Do you use subs or is that all your equip. Gtta love that turbo whistle in the vid. All looks as usual!!


----------



## CityGuy

Looks like you had your hands full. Nice looking equipment/


----------



## BC Handyman

nice vid, atleast your piling areas were not already full, glad to see you got through it


----------



## redclifford

Great pictures , what skid is your favorite ?


----------



## Ramairfreak98ss

redclifford;2113067 said:


> Great pictures , what skid is your favorite ?


Probably the 326e lol.

Nice pics, what kinda loader is the last pic? We had 21.5-24.5" in parts we plow in NJ.. was sweet, the accounts that were 10" plus per inch after, the per inch doubles up on price quick..


----------



## Easy Outs

I'm sure you've answered this before, but what do you do the rest of the year? I ask because your company name is centered around the winter season and your area of PA isn't always booming for winter. I'm originally from PA, but now in MD.


----------



## MatthewG

Easy Outs;2113622 said:


> I'm sure you've answered this before, but what do you do the rest of the year? I ask because your company name is centered around the winter season and your area of PA isn't always booming for winter. I'm originally from PA, but now in MD.


When I started in 2010 I had a full time job elsewhere and I was a one man show with a tailgate spreader and 8.5 straight blade. It was almost started as a hobby in conjunction with my love for snow, trucks, plowing, equipment, etc. I never had any intention of doing anything summer wise,

I left that job long ago and we now do commercial mowing, landscaping, excavating, the name is tough for summer work, but now going into my 6th year summer work is really picking up. I have 10 guys working with me in the winter and 3 in the summer.

Thanks


----------



## MatthewG

redclifford;2113067 said:


> Great pictures , what skid is your favorite ?


The 326E has an awesome cab loaded with comfortable features, hard to beat that cab, however the A300 is awesome, the all wheel steer is so so handy, I would buy an A770 if they weren't so expensive

So the A300 is still my favorite


----------



## MatthewG

Ramairfreak98ss;2113267 said:


> Probably the 326e lol.
> 
> Nice pics, what kinda loader is the last pic?
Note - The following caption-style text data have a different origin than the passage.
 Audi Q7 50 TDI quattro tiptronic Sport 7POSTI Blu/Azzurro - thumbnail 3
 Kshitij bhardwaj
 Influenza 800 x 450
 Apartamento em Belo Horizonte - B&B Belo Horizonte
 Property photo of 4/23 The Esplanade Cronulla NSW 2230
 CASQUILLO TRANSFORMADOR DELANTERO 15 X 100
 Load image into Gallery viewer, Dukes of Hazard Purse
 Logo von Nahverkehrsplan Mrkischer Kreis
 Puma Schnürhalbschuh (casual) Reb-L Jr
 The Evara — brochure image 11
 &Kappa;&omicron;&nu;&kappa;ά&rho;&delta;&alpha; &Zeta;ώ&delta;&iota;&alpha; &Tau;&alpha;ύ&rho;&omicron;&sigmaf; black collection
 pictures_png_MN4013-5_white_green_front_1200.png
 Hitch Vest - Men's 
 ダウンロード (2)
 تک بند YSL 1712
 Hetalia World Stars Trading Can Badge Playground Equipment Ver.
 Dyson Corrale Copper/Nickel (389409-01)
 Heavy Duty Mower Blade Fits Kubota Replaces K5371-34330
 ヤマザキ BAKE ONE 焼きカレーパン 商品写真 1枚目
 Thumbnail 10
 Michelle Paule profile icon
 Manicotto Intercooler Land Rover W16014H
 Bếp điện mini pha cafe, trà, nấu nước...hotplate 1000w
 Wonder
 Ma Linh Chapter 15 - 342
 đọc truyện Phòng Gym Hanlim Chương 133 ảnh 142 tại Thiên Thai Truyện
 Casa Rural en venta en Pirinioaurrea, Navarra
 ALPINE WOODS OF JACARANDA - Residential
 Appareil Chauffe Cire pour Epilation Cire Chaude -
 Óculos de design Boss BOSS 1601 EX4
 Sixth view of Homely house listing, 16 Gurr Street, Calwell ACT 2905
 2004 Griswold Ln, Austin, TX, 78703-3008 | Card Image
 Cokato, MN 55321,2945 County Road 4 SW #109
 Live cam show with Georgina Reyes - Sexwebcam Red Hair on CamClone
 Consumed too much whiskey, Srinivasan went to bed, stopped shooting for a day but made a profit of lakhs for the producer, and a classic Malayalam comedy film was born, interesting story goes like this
We had 21.5-24.5" in parts we plow in NJ.. was sweet, the accounts that were 10" plus per inch after, the per inch doubles up on price quick..


I borrowed (stole) a friends 2016 544 for some morning pile push back, what an awesome machine, 130 hours on it.


----------



## grandview

Why is there so much snow on the ground at one time?


----------



## Easy Outs

I'm assuming, like us, they probably got many calls from people who never had service before. And/or calls from people whose contractors gave up or couldn't handle the storm with their equipment.

The Rite-Aids near me brought in a company from upstate New York and one apartment complex brought in a contractor from Virginia.


----------